The thinktank said that a series of banking scandals in multiple EU countries, including Cyprus, Denmark, Estonia, Latvia, Malta, the Netherlands and the UK, underline the shortcomings of the European Union’s AML regime.
It noted that many of these cases have involved staggering sums, with billions of dollars laundered through accounts at one bank.
The report, entitled A better European Union architecture to fight money laundering and written by Joshua Kirschenbaum and Nicolas Véron, said that the EU legal framework combines a strong, enforceable single market that contrasts with national anti-money laundering supervision of banks and other financial and non-financial firms.

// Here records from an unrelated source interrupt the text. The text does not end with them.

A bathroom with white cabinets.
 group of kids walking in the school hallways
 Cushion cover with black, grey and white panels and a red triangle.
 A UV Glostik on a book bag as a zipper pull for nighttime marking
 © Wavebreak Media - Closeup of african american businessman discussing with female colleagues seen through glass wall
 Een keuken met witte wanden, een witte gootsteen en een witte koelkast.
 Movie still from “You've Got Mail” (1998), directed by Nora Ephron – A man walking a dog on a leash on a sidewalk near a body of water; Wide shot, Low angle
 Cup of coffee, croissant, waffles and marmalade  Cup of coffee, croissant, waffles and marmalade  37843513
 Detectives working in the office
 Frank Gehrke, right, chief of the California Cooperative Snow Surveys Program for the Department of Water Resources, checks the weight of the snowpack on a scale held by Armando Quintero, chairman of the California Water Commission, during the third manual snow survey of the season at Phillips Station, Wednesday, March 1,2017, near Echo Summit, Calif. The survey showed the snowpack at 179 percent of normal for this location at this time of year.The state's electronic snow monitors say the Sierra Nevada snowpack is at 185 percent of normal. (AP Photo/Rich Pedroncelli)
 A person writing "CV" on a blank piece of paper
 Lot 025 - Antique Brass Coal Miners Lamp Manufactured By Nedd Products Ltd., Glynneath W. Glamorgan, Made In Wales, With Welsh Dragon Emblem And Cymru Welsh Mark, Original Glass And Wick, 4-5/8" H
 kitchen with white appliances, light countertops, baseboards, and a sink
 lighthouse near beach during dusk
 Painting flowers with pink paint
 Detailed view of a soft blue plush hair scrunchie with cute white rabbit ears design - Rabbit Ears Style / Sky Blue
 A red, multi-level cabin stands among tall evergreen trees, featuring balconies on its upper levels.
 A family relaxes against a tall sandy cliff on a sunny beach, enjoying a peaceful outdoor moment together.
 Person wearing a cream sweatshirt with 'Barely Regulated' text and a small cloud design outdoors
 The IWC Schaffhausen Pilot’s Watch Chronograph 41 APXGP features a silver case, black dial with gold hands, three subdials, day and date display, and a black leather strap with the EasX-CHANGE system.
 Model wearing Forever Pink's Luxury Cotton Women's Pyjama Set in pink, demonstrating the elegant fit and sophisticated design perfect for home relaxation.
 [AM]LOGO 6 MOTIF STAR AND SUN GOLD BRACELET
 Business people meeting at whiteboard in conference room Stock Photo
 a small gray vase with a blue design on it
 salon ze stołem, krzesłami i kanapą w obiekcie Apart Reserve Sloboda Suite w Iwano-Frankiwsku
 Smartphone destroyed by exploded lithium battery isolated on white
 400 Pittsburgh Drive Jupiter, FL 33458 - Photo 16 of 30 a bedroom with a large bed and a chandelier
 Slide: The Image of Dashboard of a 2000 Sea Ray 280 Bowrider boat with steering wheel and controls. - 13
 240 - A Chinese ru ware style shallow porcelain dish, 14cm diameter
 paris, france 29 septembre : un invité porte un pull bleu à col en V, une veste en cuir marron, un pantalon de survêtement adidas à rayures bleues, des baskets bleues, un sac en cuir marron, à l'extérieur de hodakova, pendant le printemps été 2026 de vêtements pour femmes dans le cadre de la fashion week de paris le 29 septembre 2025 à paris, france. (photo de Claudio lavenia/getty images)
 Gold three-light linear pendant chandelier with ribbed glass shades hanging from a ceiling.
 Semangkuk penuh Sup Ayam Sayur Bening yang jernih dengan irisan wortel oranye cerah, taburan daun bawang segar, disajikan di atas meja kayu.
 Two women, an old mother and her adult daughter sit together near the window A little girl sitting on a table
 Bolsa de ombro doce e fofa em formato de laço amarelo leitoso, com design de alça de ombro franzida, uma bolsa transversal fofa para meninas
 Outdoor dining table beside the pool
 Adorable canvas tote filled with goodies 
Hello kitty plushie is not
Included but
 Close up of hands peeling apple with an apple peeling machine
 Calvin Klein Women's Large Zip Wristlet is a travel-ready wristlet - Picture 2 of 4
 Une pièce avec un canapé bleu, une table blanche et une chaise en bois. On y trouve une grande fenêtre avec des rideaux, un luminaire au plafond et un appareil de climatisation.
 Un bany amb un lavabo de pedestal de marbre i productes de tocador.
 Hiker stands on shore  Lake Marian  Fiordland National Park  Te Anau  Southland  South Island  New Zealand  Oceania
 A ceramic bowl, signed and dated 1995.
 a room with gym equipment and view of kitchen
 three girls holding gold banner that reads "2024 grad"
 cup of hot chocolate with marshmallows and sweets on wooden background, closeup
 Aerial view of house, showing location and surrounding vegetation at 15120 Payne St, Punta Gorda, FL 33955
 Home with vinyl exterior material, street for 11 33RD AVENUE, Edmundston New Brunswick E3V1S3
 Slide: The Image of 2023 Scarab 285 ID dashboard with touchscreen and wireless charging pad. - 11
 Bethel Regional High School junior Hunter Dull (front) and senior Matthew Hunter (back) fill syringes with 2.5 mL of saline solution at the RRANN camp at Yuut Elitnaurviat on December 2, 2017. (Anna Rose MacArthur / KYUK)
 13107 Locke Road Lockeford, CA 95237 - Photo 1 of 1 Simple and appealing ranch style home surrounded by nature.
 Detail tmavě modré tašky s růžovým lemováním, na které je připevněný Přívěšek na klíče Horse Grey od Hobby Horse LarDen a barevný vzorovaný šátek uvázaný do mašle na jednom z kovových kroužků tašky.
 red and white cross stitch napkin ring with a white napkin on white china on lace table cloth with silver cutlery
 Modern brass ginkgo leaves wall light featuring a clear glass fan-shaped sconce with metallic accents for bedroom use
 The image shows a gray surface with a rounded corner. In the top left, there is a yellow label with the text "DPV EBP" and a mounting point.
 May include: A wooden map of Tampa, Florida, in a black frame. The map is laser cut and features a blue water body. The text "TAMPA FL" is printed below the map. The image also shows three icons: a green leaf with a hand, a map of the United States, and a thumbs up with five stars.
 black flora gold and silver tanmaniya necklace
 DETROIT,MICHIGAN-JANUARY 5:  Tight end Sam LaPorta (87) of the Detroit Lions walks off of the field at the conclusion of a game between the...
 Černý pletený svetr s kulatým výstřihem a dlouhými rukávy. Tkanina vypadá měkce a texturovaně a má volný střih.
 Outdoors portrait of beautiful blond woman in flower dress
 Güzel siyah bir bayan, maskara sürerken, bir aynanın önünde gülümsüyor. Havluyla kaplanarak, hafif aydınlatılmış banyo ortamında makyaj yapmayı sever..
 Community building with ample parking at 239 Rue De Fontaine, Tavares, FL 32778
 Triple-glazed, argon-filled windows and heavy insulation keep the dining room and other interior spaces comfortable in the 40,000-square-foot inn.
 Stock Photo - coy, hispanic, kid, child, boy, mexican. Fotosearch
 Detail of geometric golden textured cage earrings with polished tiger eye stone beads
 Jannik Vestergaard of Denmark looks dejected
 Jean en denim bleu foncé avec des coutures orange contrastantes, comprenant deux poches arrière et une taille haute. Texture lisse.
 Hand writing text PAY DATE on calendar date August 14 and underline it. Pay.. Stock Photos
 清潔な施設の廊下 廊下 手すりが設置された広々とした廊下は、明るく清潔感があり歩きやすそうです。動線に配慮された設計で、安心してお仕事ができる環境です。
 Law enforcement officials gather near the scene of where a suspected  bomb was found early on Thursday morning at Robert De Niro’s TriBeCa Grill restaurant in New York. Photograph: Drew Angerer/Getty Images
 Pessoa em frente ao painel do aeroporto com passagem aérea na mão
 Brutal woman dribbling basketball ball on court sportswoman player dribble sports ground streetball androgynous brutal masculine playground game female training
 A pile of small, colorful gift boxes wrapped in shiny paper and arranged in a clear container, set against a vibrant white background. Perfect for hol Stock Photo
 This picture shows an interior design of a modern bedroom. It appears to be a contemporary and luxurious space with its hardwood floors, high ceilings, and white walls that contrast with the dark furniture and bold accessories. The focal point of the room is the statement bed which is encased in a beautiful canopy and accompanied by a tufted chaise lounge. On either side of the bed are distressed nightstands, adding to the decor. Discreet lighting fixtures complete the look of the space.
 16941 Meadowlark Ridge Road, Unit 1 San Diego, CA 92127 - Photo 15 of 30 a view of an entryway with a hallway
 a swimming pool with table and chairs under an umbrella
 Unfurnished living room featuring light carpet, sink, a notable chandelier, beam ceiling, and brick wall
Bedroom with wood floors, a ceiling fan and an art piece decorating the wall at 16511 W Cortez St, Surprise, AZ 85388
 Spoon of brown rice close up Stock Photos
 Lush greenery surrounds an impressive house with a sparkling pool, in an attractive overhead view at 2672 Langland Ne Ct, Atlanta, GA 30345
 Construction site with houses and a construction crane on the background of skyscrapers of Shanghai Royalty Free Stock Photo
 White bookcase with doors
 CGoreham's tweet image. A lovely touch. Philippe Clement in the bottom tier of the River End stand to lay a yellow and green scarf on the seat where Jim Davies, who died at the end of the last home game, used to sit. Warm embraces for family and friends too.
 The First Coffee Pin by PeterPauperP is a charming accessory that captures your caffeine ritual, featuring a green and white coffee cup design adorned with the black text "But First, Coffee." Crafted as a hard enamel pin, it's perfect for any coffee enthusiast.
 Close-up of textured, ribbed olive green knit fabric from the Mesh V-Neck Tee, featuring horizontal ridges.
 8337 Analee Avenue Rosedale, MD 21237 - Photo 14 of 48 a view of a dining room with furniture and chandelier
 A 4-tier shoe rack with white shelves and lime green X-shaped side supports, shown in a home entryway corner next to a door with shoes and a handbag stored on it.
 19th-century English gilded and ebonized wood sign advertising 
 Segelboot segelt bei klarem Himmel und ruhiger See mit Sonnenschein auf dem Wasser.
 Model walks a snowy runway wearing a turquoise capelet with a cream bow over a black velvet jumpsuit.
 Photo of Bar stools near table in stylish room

The new authority should have high standards of governance and independence, publish all its decisions and be empowered to impose sufficiently large fines to deter malpractice
It said this means that the mechanisms to ensure EU-wide supervisory consistency are insufficient.
Integrity undermined
It added: “This combination fosters a vicious circle of erosion of supervisory effectiveness in those member states where money launderers tend to concentrate their activity, which undermines the integrity of the entire European system.”
The report recommended a fresh unitary architecture centred on a new European AML authority, which would work on the basis of deep relationships with national authorities such as financial intelligence units and law enforcement agencies.
It said that the new authority should have high standards of governance and independence, publish all its decisions and be empowered to impose sufficiently large fines to deter malpractice. It also believed that this would act as a catalyst for further EU harmonisation of the anti-money laundering legal regime.
The report noted the increasing awareness in Europe of the link between illicit finance and security threats, not least the risk of interference by Russia and other third countries in EU domestic matters, and of the imperative need for Europeans to have the capacity to address such threats credibly and autonomously if required.
It also noted that the European Central Bank is increasingly dissatisfied with the status quo with ECB Supervisory Board chair Danièle Nouy, saying earlier this year that it was embarrassing that the EU was depending on the US to do its anti-money laundering job for it.
Inconsistent fines
Additionally, it argued that the current fining regime across Europe was incredibly mixed.
“Anti-money laundering fines have so far either been entirely anonymised or not published at all in Denmark, Germany and Spain. In France, Sweden and the UK, by contrast, fines are published and their subjects identified in most or all cases.
“Even in the latter circumstance, the publication format has often made it difficult or impossible to understand the exact nature of the violations, and thus to assess their seriousness, and, as a consequence, the punitive or deterrent impact of a given fine.”
The report suggested that the EU faces a choice of adopting either a supervisor of supervisors’ approach or an agency that would have direct AML supervisory responsibility for firms across Europe, though still working with national agencies and other European-level bodies.
It said that such a body should be set up before any new AML legislation. It suggested that with a year for legislative debate and two years to build the institution and hire the relevant expertise, a new European AML Authority could begin assuming powers in 2022.